The trial court held that the STAA preempted any state claim that the employees would otherwise have, but the Tennessee Court of Appeals disagreed. It held that the employees had a viable state common law cause of action for wrongful discharge. According to the court of appeals, as a result of Tennessee's uncodified public policy "a cause of action for retaliatory discharge arises when an at-will employee is terminated solely for refusing to participate, continue to participate, or remain silent about illegal activities."22 The court then examined this stated public policy and found that it was compatible with, rather than preempted by, the STAA. According to the court, "there was no explicitly statutory directive that provided an exclusive remedy for Plaintiffs which would preempt Tennessee common law in regard to an action for retaliatory discharge."23
The Supreme Court of Tennessee reversed the decision of the court of appeals, thereby affirming the trial court's finding of preemption. It concluded that the plaintiffs' remedies were solely within the STAA, for Congress had "explicitly and implicitly confined jurisdiction under the [STAA] to the administrative and judicial procedures to be exercised by the Secretary of Labor[.]"24 Because this basis for preemption was satisfied, the plaintiffs had no viable state law claims, and the trial court's dismissal of the plaintiffs' suit on summary judgment was affirmed accordingly.
C. Additional Cases Finding Preemption
The District Court for the Western District of Tennessee quickly followed the lead of the Watson court. In Norman v. M.S. Carriers, Inc.,25 it reached the same preemption conclusion based on Congress' implicit confinement of wrongful discharge claims to the Secretary of Labor. According to the court, "[a]llowing parties to resort to other remedies would frustrate what this Court believes to be Congress' purpose. That being that the secretary of Labor should decide whether an employee has been injured for failing to violate federal rules and regulations."26
In the years after Watson and Norman, the District Court for the Northern District of Ohio27 and the Sixth Circuit Court of Appeals reached similar decisions.28 Most recently, in Kornischuk v.

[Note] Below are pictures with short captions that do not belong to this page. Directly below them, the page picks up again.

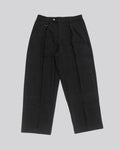 Reverse Stitch Trouser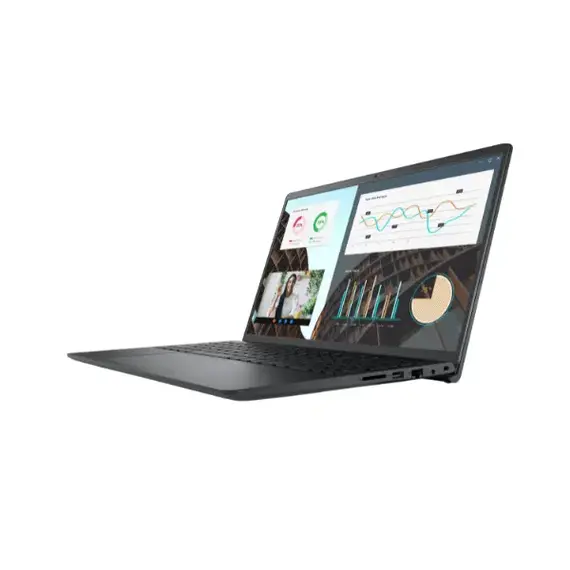Dell Vostro 3530 Intel Core i5-1334U 512GB SSD 8GB Ram Intel UHD Graphics 15.6'' Inch FHD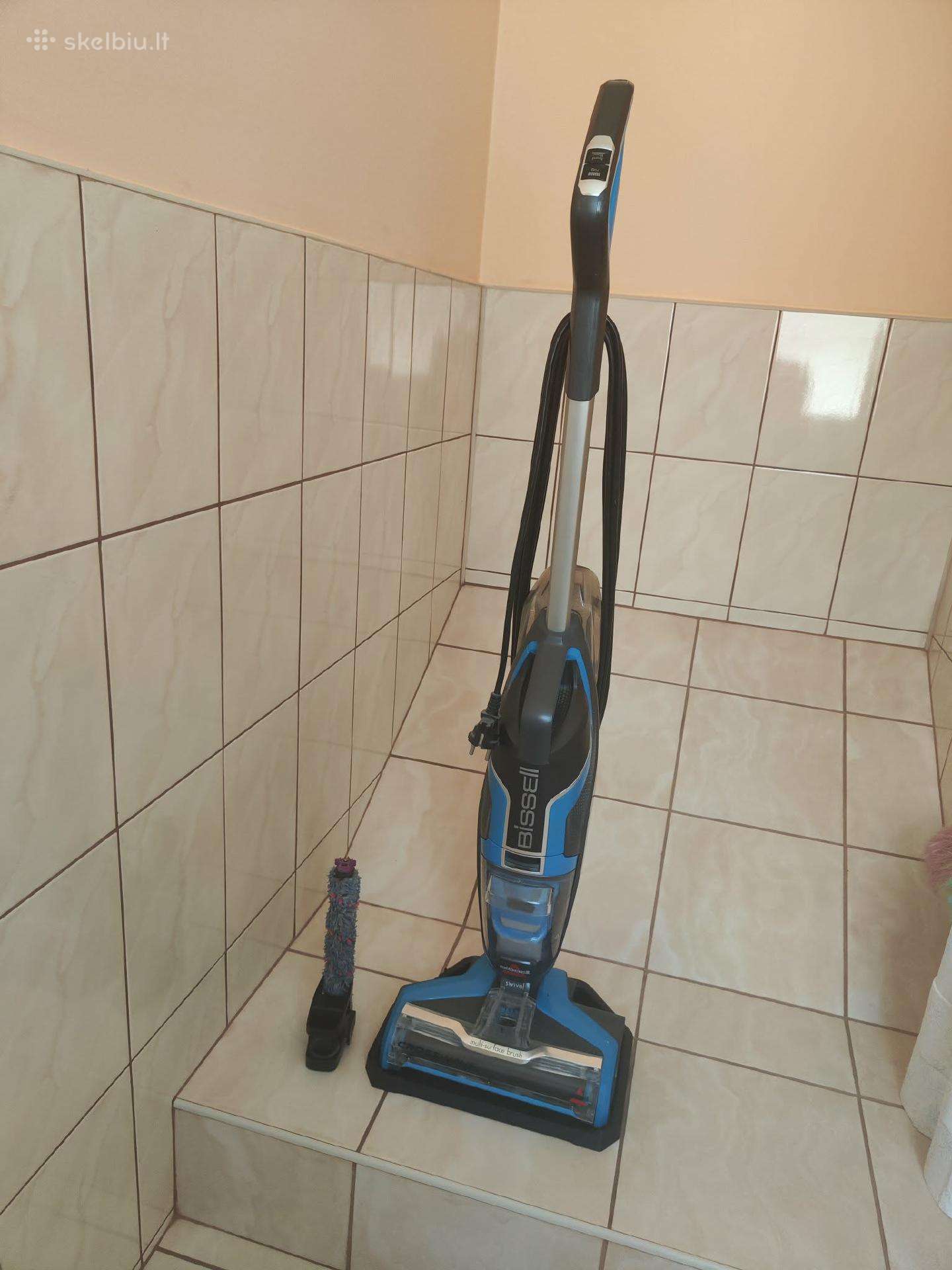 Bissell Spinwave 20522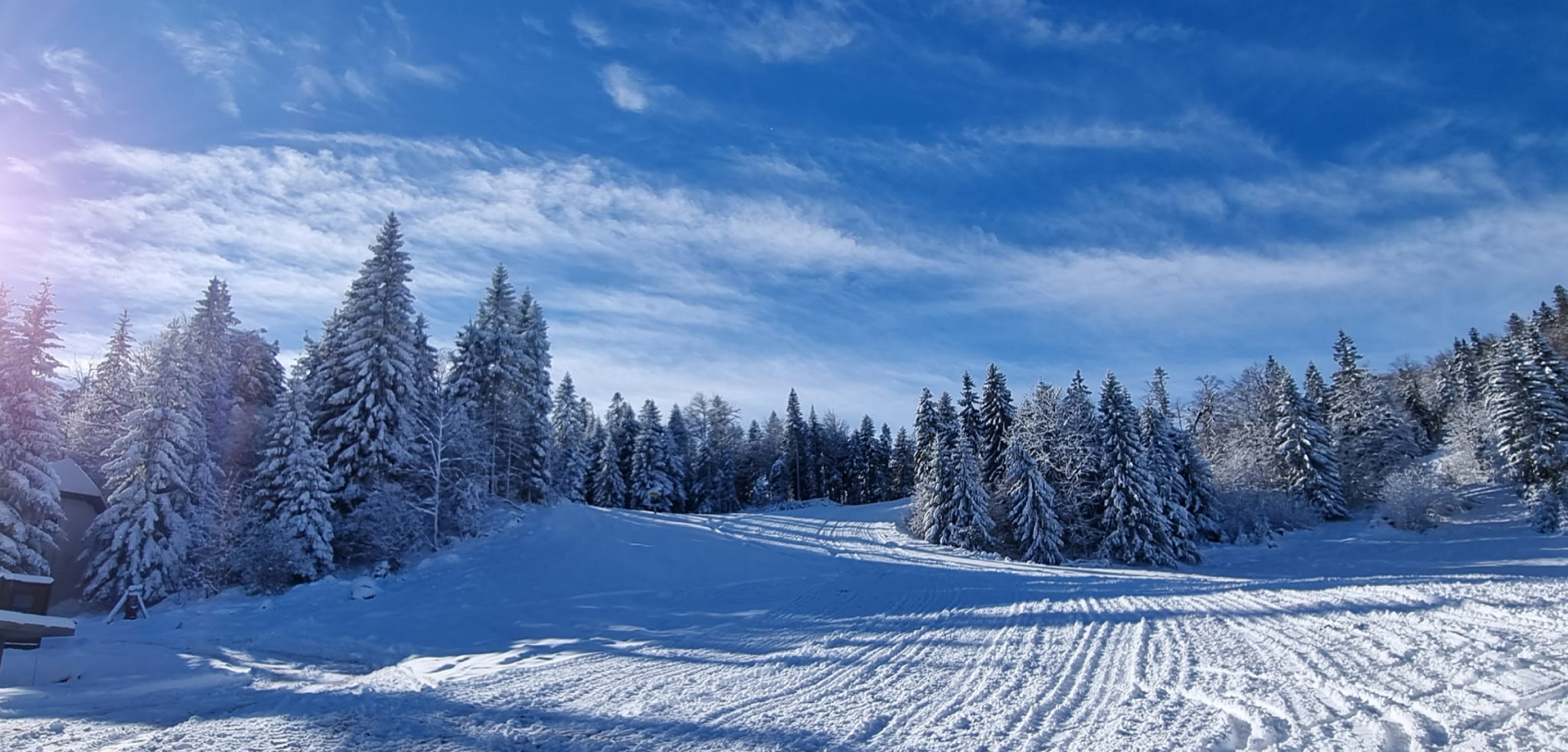 Ski centar Igrišta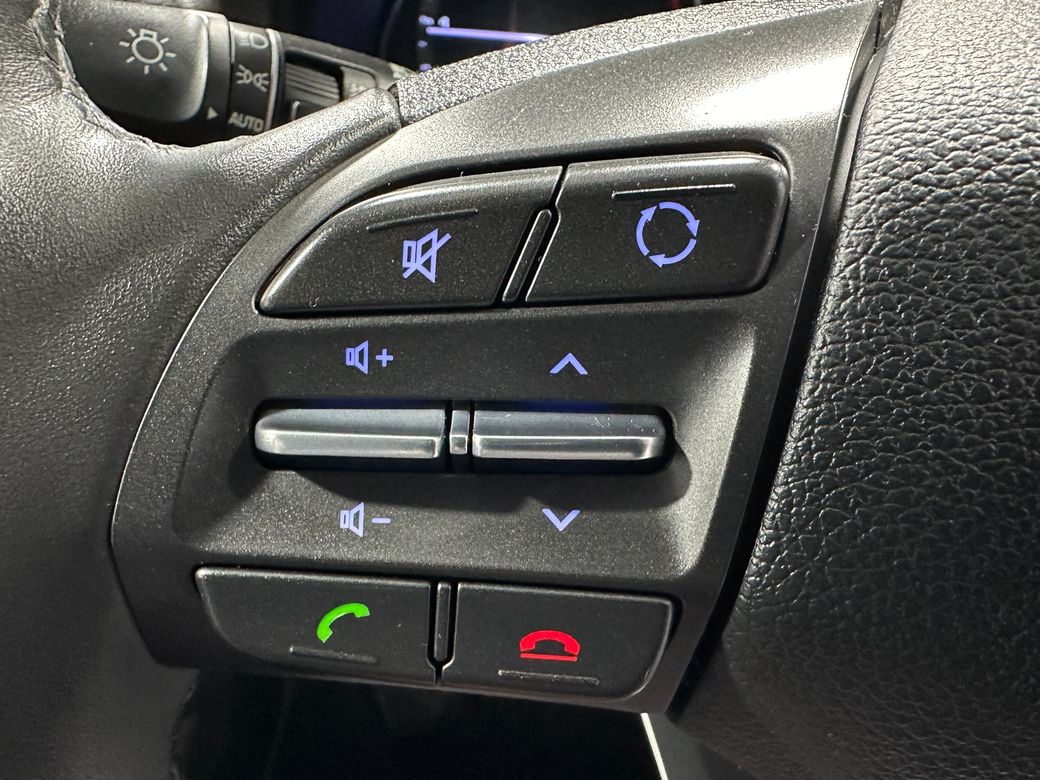 2017 Hyundai i30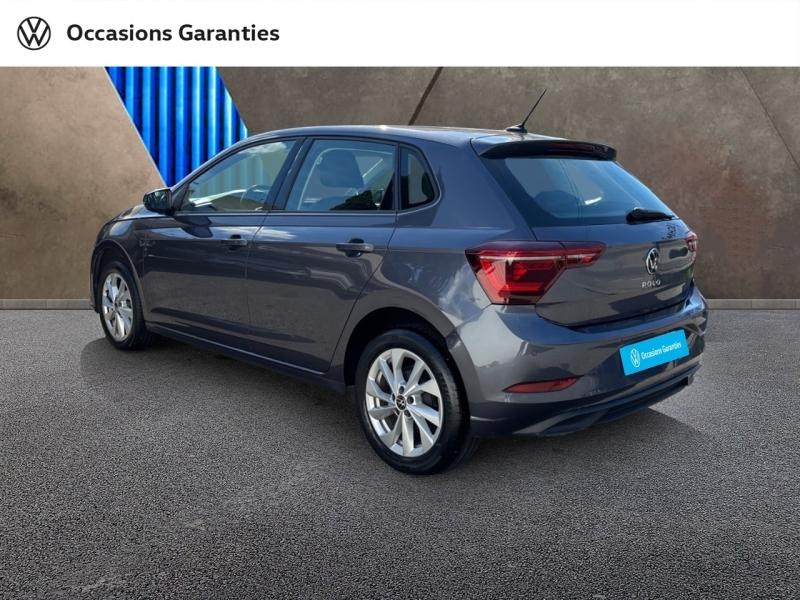 Voitures occasions VOLKSWAGEN POLO Style Mougins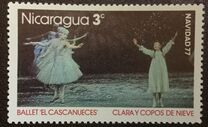 [Christmas - Scenes from the Ballet "The Nutcracker" by Peter Tchaikovsky, тип AVV]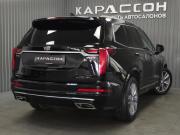 Cadillac XT6 I Пермь  - изображение 21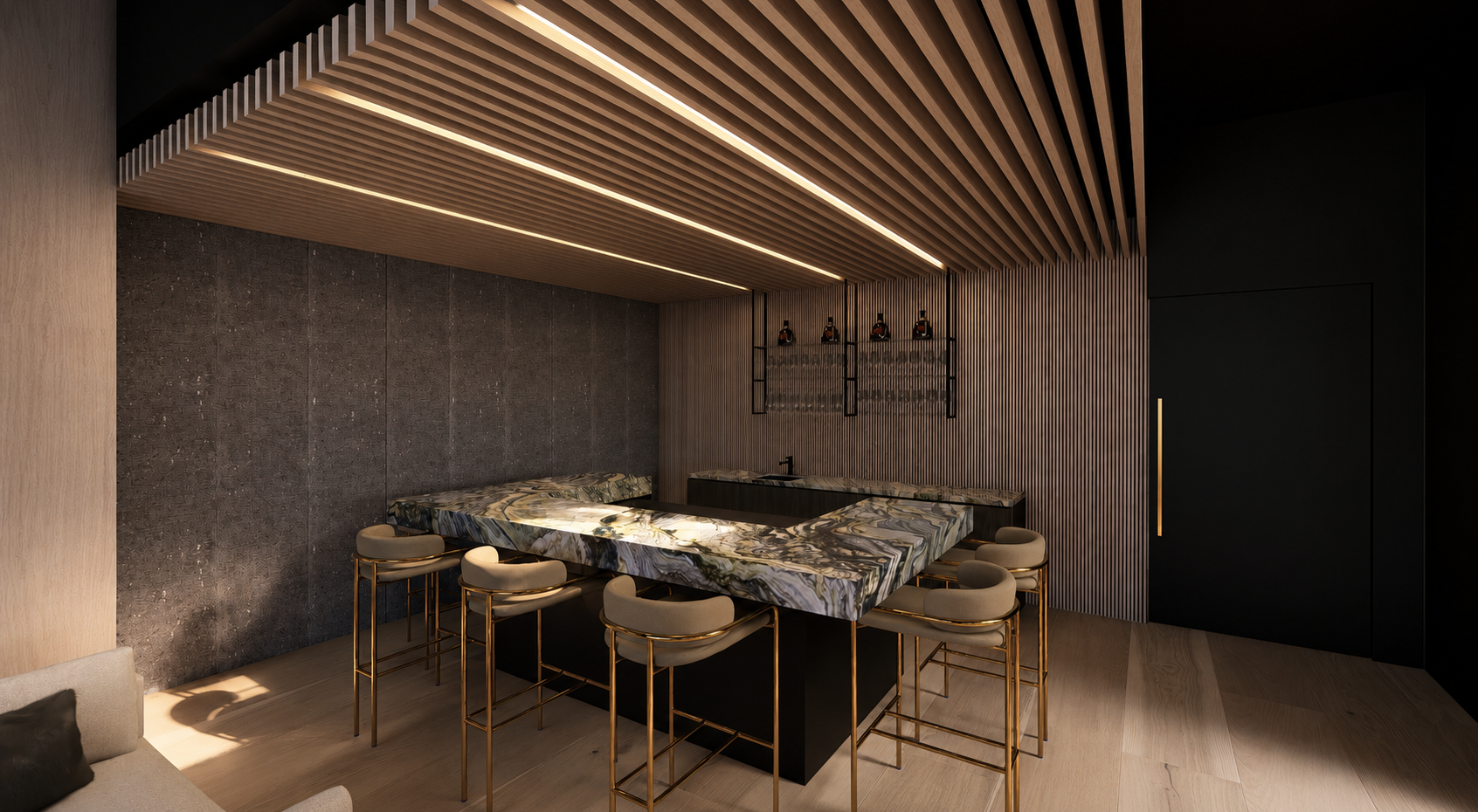 Minimalist - Organic Modern | Houston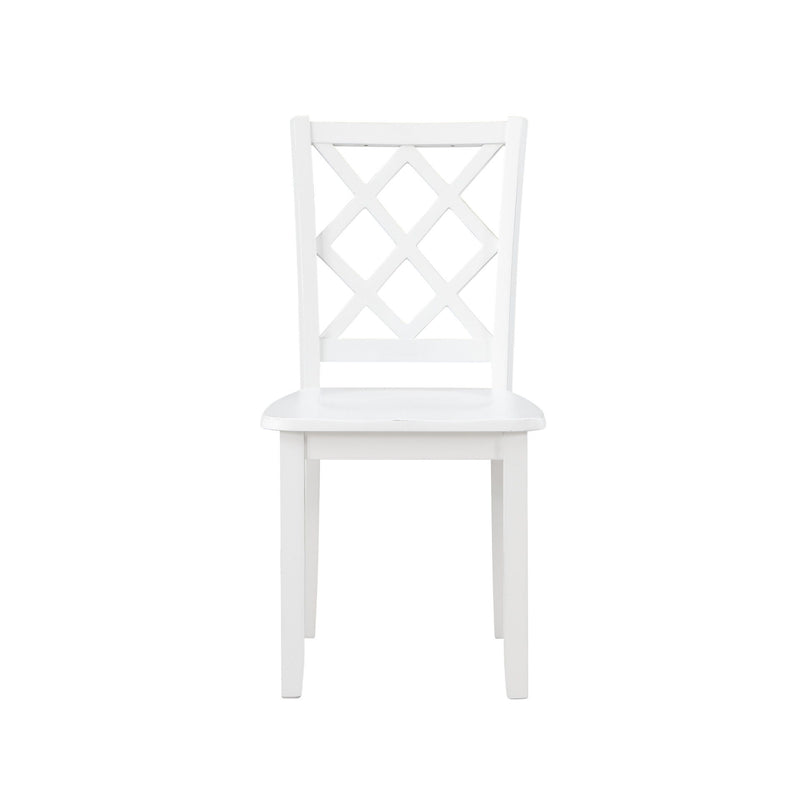 Trellis - Dining Chair (Set of 2)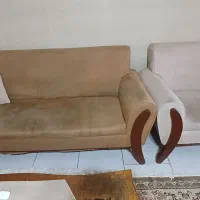 مبل ۷ نفره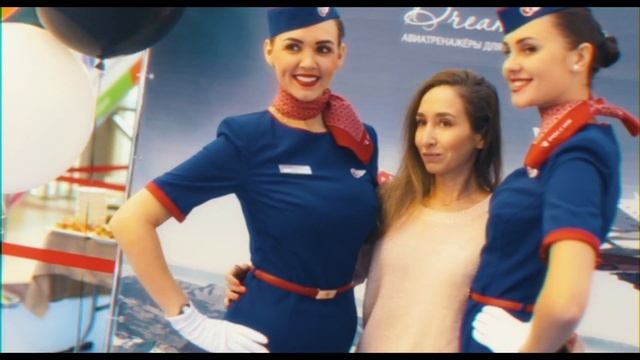 Авиатренажер в Новосибирске смотреть онлайн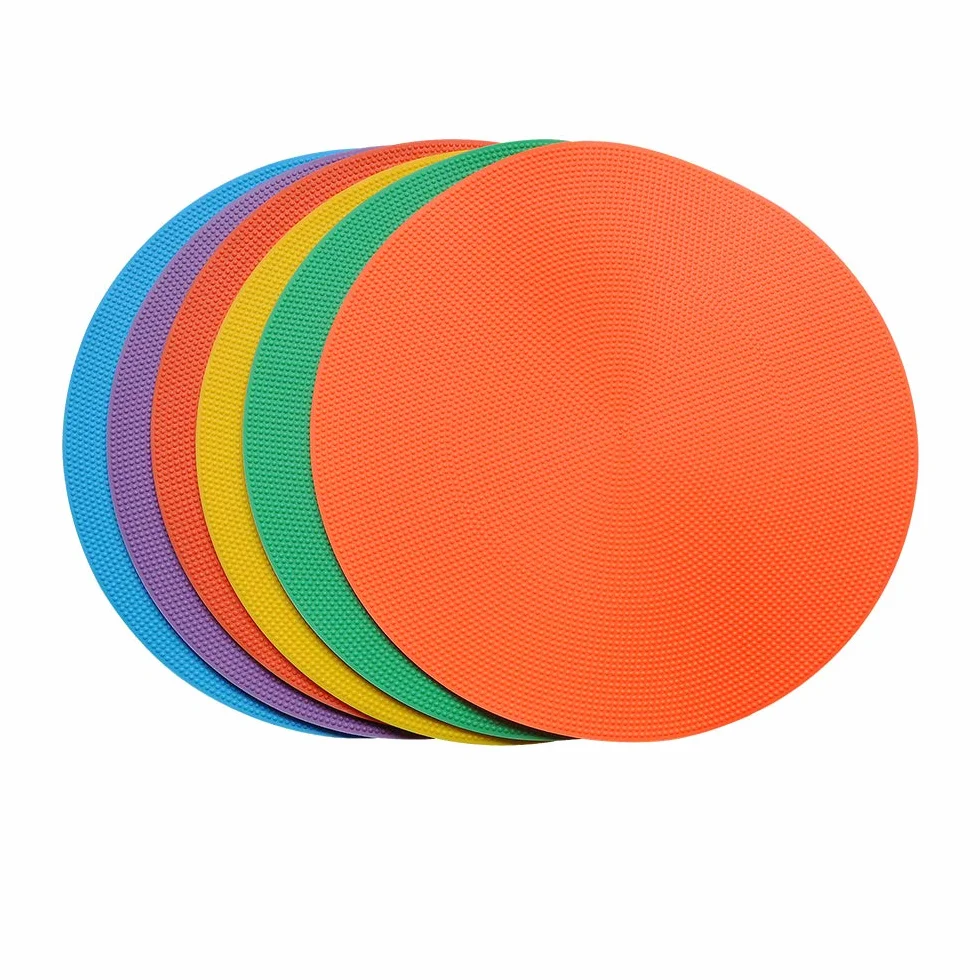 Cônes Plats 25 cm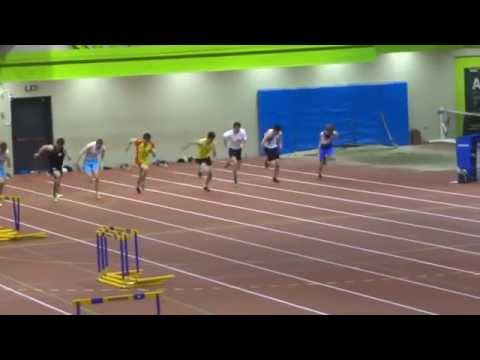 60m [M], FINALE, Zvonimir Topić - Pojedinačno PH u dvorani za seniore i seniorke 2015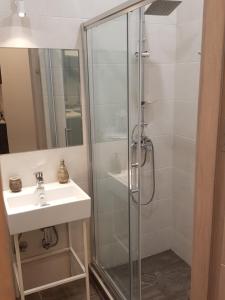 Gallery image of Kita's apartment in Tbilisi City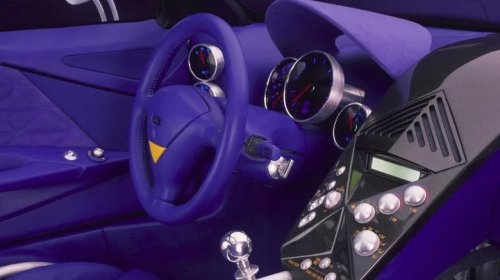 These Concept Car Interiors Should Have Gone Into Production, According To Our Readers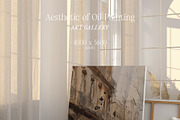 MASTERPIECE Art Gallery Prints, a Background Graphic by Muse Artist (Thumbnail 4 of 23)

Con-Way Central Express, the District Court for the Southern District of Iowa decided that the STAA preempted the ability of a former employee to bring a wrongful discharge claim under a state statute.29 According to the Kornischuk Court, "because a detailed statutory procedure exists by which an aggrieved employee may administratively enforce the public policy embodied in [the STAA], he may not now pursue a common law wrongful discharge claim based on the same policy."30 Kornischuk represents the most-recent decision regarding the issue of STAA preemption.
IV.
CONTRARY VIEWS
Despite the early decisions in Watson and Norman and the recent Kornischuk decision, several courts have held that the STAA does not preempt state law wrongful discharge claims for employees within or formerly within the transportation industry. Courts finding that the STAA does not preempt state law claims do so based on one or more of the following three arguments:
(1) The legislative history behind the STAA demonstrates an intent not to be preemptive;
(2) The use of "may" in the STAA demonstrates that a complaint to the secretary of Labor is not intended to be an exclusive remedy; and
(3) The purpose of state wrongful discharge statutes and common law is in furtherance of the purposes of the STAA, not in conflict with or frustration of it.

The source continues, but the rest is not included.